### RECORDS FOR THIS EXERCISE
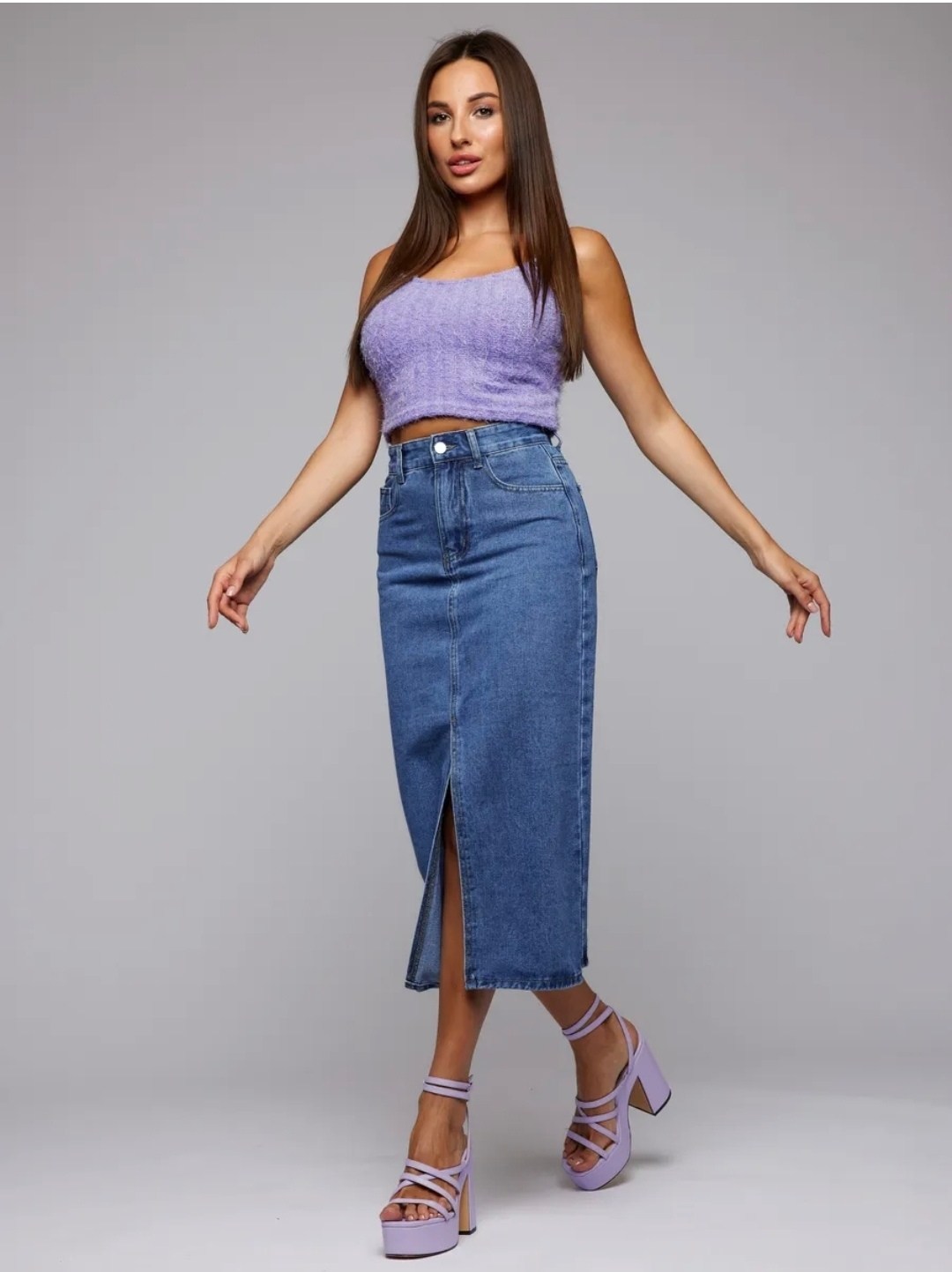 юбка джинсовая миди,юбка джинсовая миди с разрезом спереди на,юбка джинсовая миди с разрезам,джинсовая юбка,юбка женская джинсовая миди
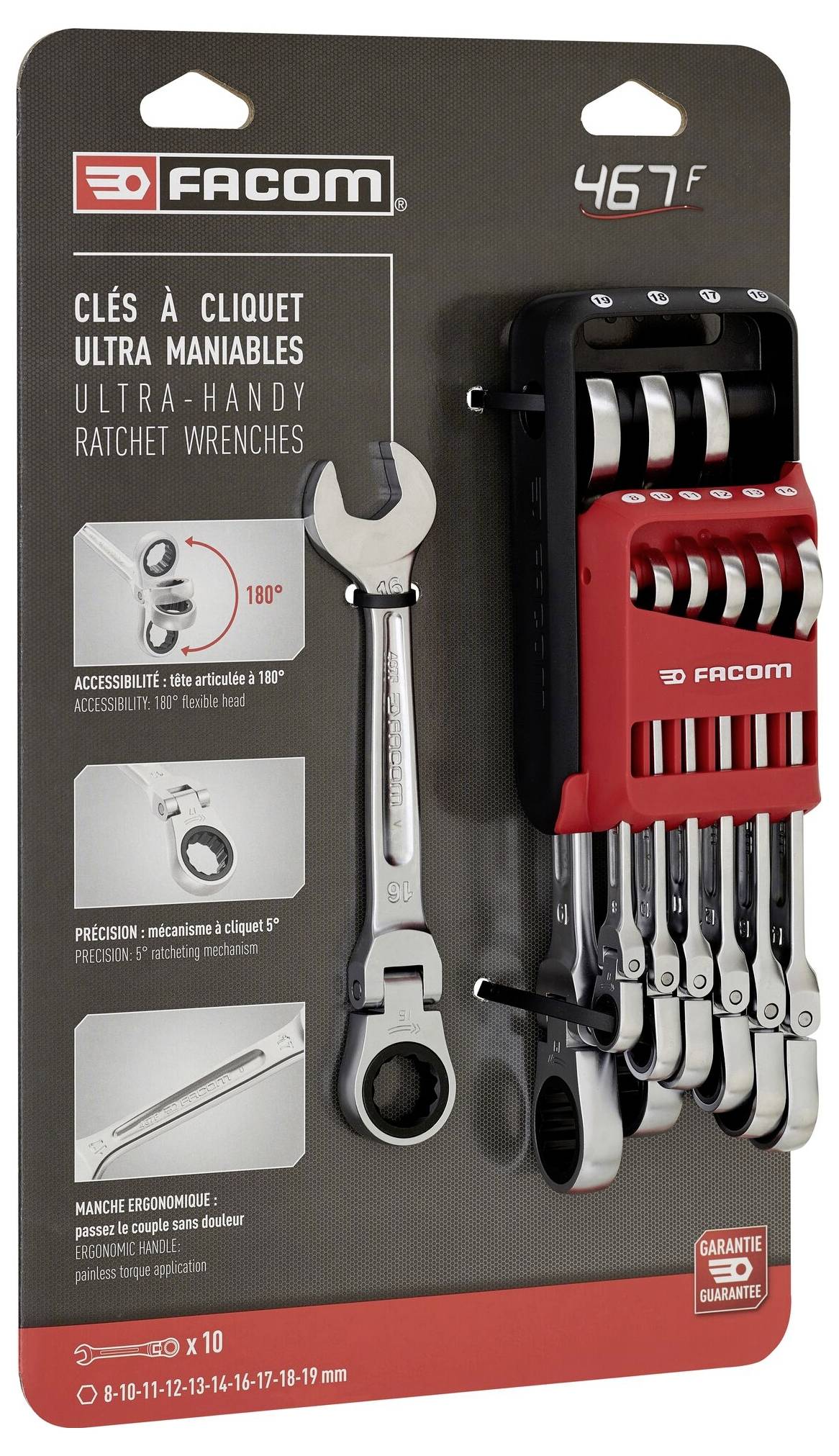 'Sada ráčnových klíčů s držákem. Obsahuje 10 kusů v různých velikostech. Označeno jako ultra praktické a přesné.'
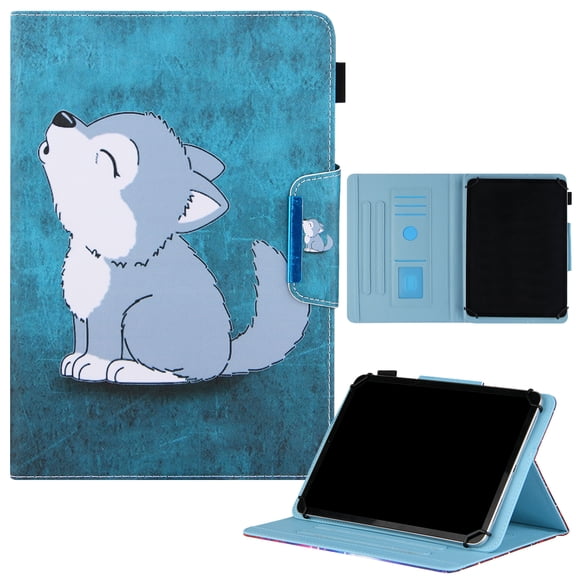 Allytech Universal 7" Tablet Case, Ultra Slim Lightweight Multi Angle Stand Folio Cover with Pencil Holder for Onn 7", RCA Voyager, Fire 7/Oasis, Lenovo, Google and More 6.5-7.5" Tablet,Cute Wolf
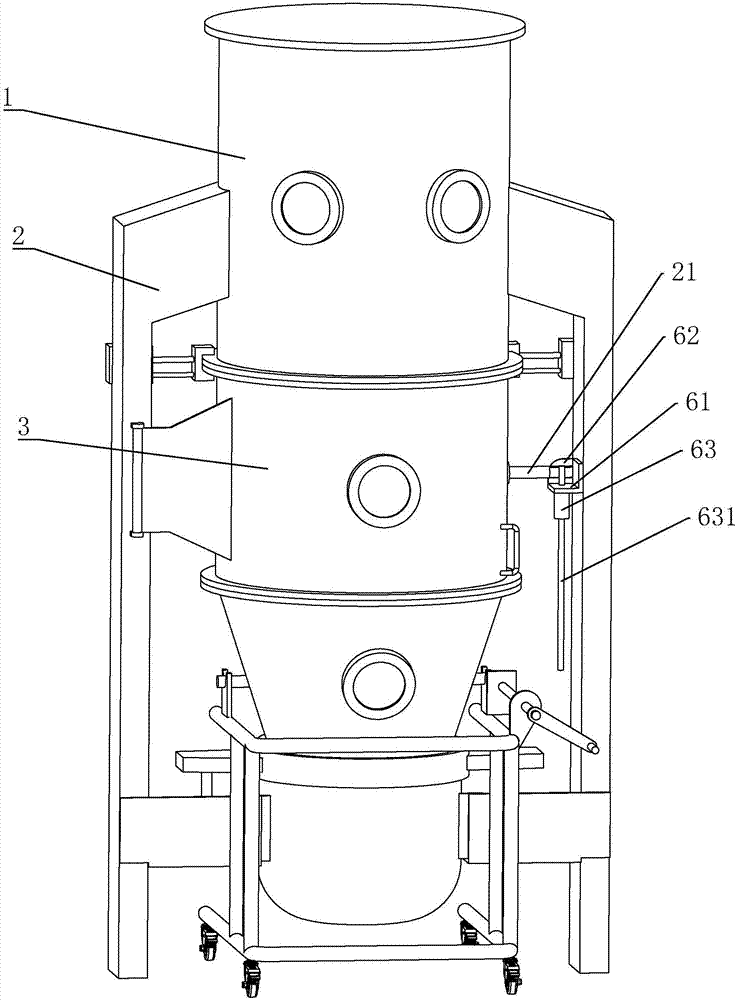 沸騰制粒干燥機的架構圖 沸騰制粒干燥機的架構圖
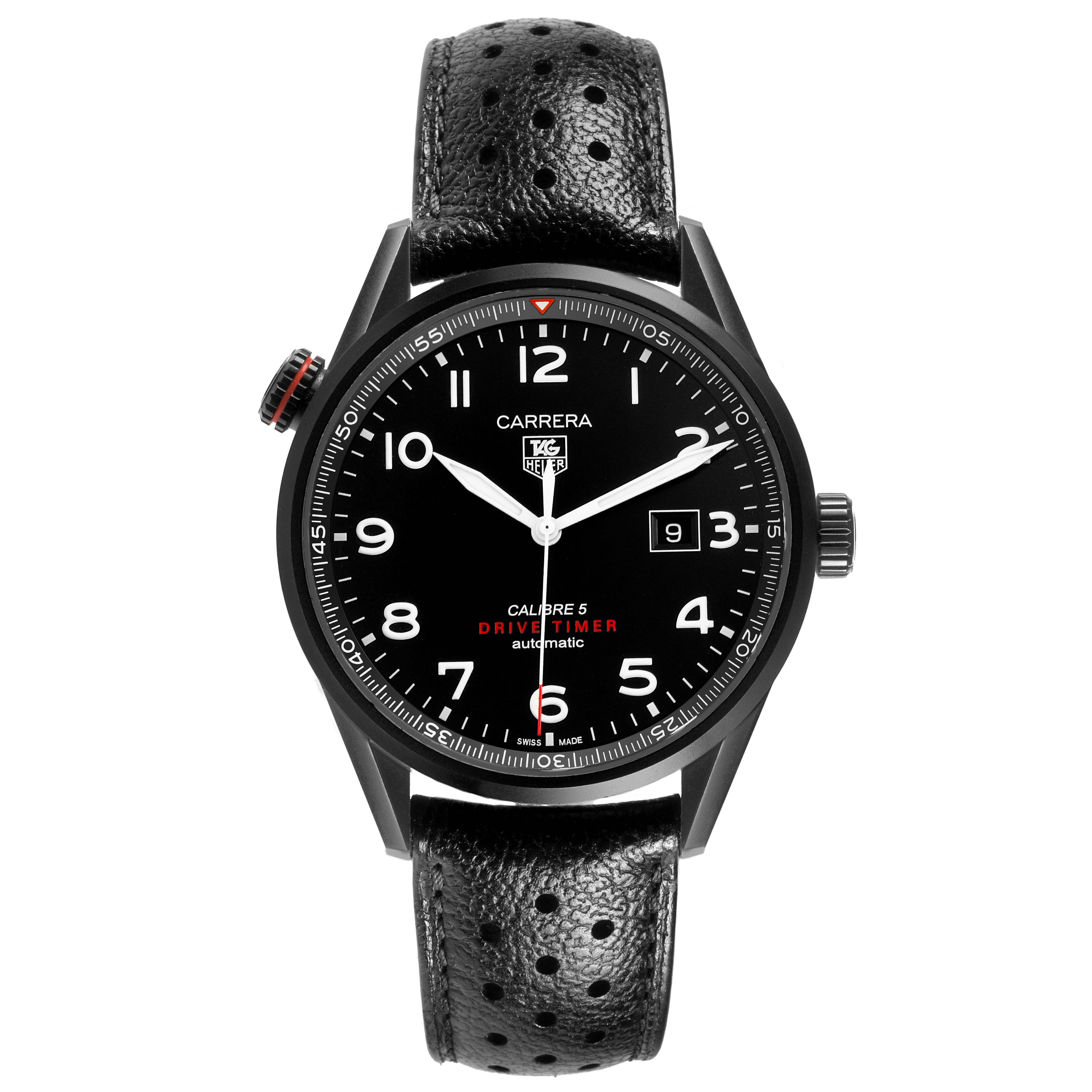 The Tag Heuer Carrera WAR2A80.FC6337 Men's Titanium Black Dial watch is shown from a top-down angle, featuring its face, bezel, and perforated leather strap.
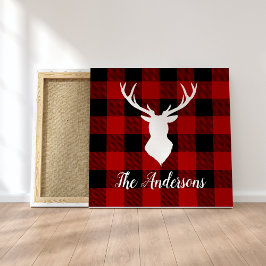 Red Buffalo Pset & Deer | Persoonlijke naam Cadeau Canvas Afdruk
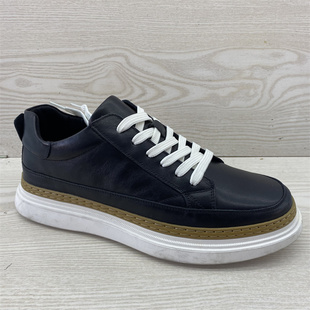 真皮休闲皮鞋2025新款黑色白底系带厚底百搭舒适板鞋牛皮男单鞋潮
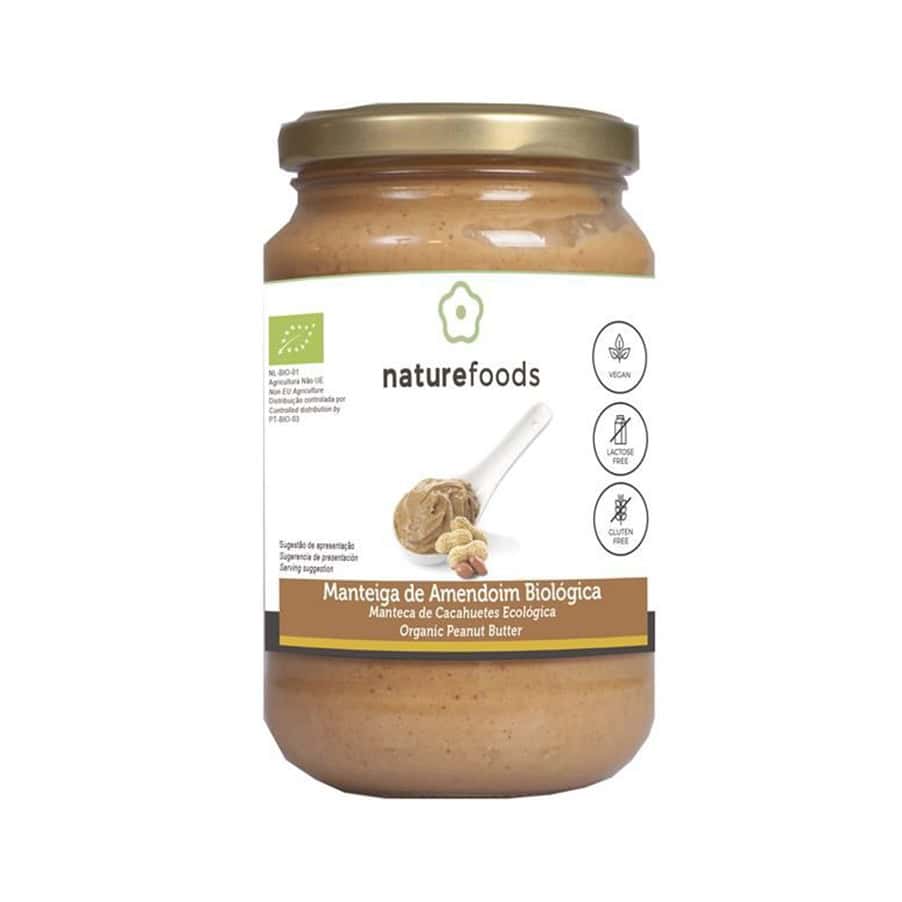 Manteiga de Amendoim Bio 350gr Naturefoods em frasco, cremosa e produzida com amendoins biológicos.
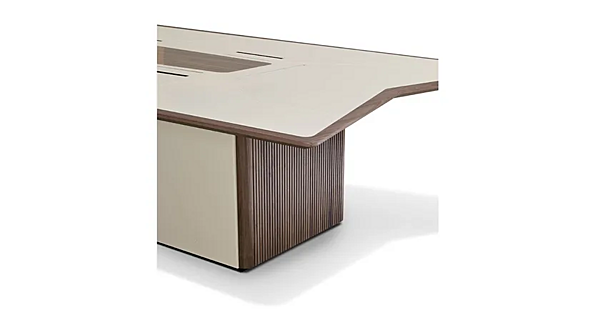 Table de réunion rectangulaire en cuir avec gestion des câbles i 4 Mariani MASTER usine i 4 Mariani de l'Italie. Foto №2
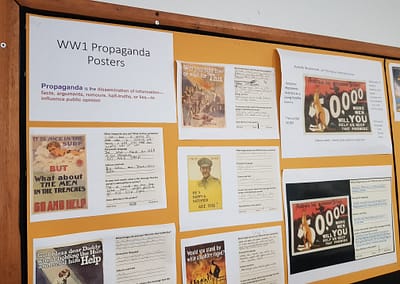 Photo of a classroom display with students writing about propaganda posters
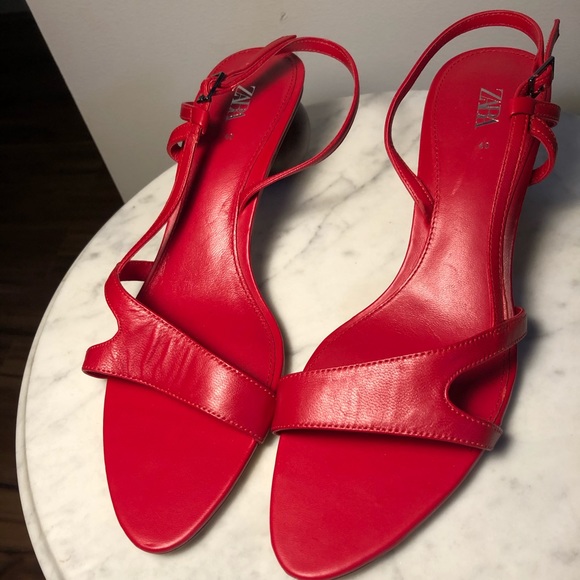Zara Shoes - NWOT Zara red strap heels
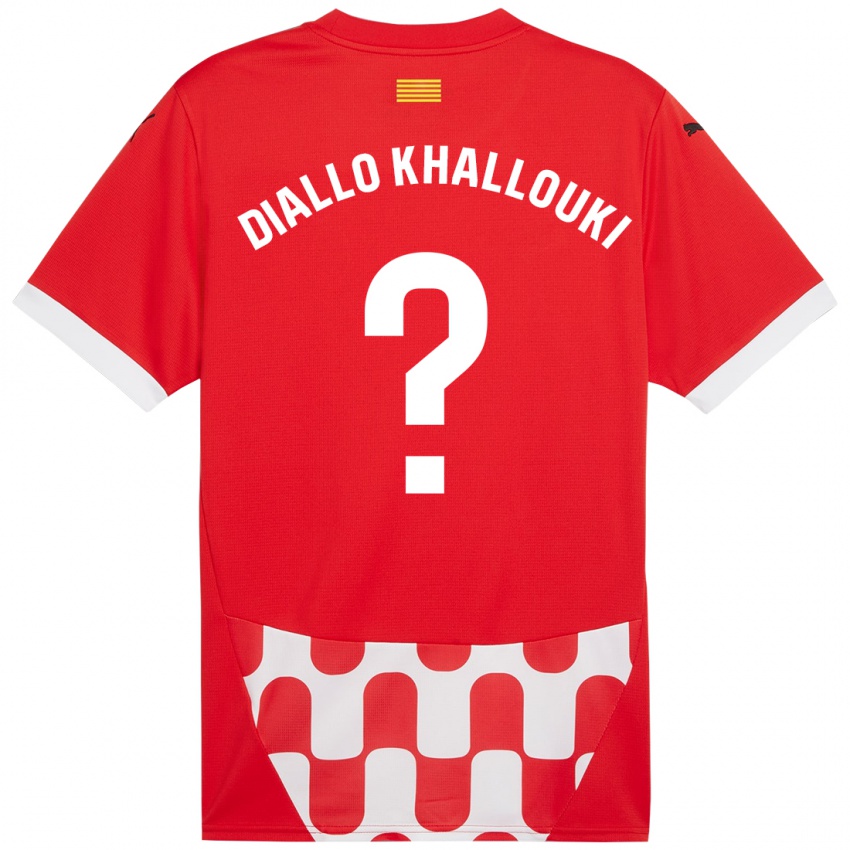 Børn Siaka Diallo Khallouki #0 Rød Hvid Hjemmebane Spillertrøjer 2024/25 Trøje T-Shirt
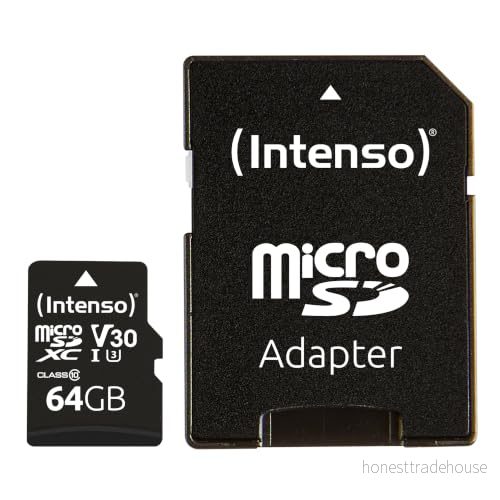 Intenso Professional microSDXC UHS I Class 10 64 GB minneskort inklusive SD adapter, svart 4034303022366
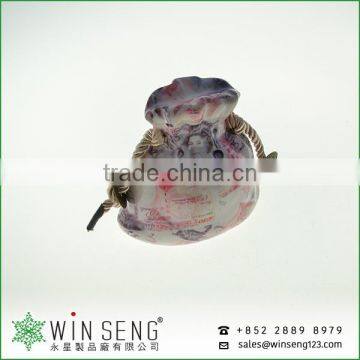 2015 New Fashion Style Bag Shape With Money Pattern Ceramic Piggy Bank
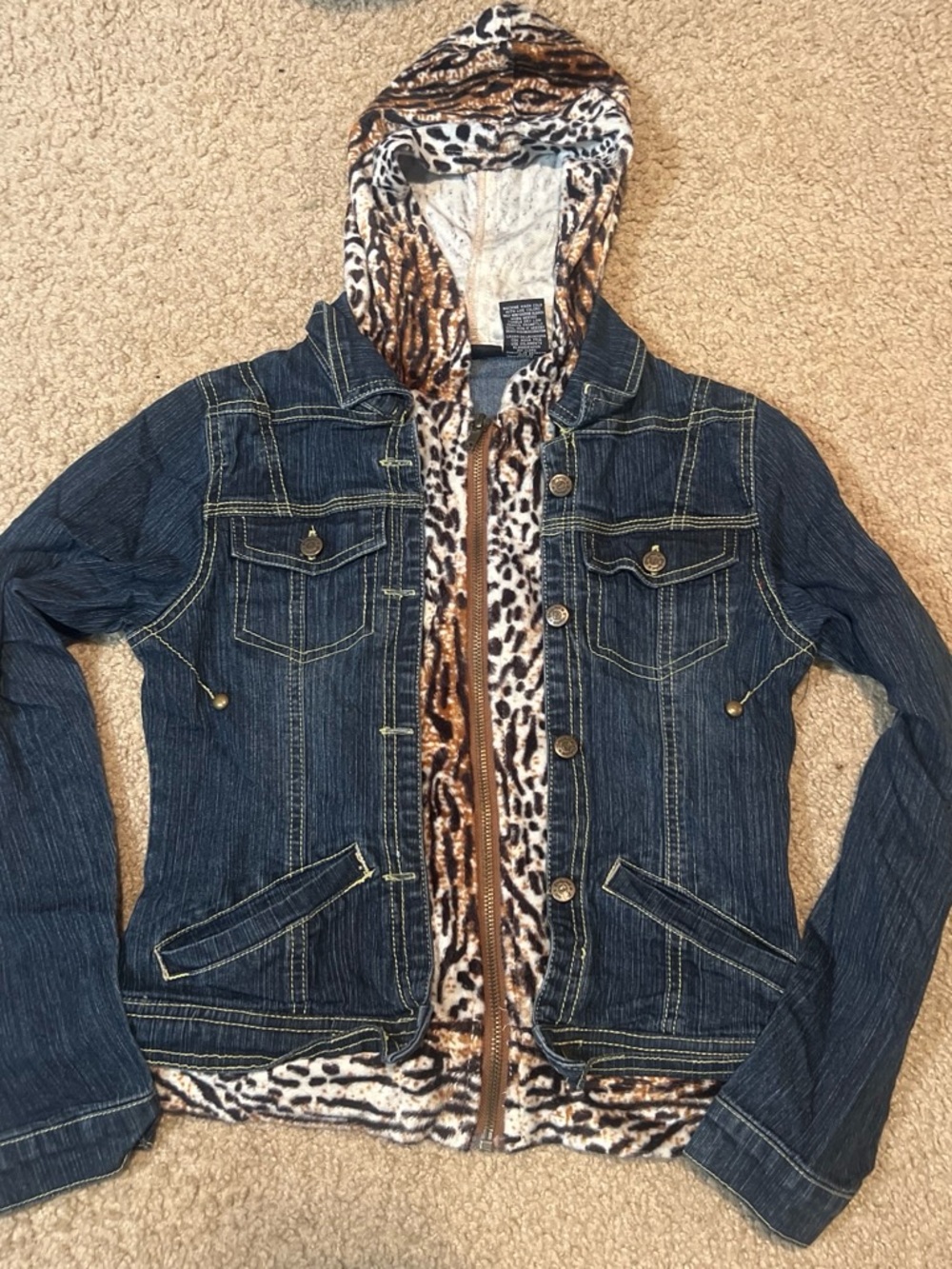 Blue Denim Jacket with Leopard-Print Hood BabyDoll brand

### EXERCISE DESCRIPTION
Quote each record exactly as it stands, minus the pictures.

### TASK RESULT
 юбка джинсовая миди,юбка джинсовая миди с разрезом спереди на,юбка джинсовая миди с разрезам,джинсовая юбка,юбка женская джинсовая миди
 'Sada ráčnových klíčů s držákem. Obsahuje 10 kusů v různých velikostech. Označeno jako ultra praktické a přesné.'
 Allytech Universal 7" Tablet Case, Ultra Slim Lightweight Multi Angle Stand Folio Cover with Pencil Holder for Onn 7", RCA Voyager, Fire 7/Oasis, Lenovo, Google and More 6.5-7.5" Tablet,Cute Wolf
 沸騰制粒干燥機的架構圖 沸騰制粒干燥機的架構圖
 The Tag Heuer Carrera WAR2A80.FC6337 Men's Titanium Black Dial watch is shown from a top-down angle, featuring its face, bezel, and perforated leather strap.
 Red Buffalo Pset & Deer | Persoonlijke naam Cadeau Canvas Afdruk
 真皮休闲皮鞋2025新款黑色白底系带厚底百搭舒适板鞋牛皮男单鞋潮
 Manteiga de Amendoim Bio 350gr Naturefoods em frasco, cremosa e produzida com amendoins biológicos.
 Table de réunion rectangulaire en cuir avec gestion des câbles i 4 Mariani MASTER usine i 4 Mariani de l'Italie. Foto №2
 Photo of a classroom display with students writing about propaganda posters
Zara Shoes - NWOT Zara red strap heels
 Børn Siaka Diallo Khallouki #0 Rød Hvid Hjemmebane Spillertrøjer 2024/25 Trøje T-Shirt
 Intenso Professional microSDXC UHS I Class 10 64 GB minneskort inklusive SD adapter, svart 4034303022366
 2015 New Fashion Style Bag Shape With Money Pattern Ceramic Piggy Bank
 Blue Denim Jacket with Leopard-Print Hood BabyDoll brand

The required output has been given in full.